RECORDS FOR PROCESSING Block Start

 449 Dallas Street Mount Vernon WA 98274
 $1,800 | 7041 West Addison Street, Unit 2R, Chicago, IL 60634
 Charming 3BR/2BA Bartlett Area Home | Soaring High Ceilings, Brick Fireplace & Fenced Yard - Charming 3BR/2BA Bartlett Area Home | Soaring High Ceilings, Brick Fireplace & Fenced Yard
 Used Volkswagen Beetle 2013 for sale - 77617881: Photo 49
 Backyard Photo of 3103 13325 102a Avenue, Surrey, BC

RECORDS FOR PROCESSING Block End

TASK REQUIREMENTS:
Restate word for word the lines from the line containing "Used Volkswagen Beetle" through the last line of the listing, inclusive, and nothing beyond them.

YOUR RESPONSE:
 Used Volkswagen Beetle 2013 for sale - 77617881: Photo 49
 Backyard Photo of 3103 13325 102a Avenue, Surrey, BC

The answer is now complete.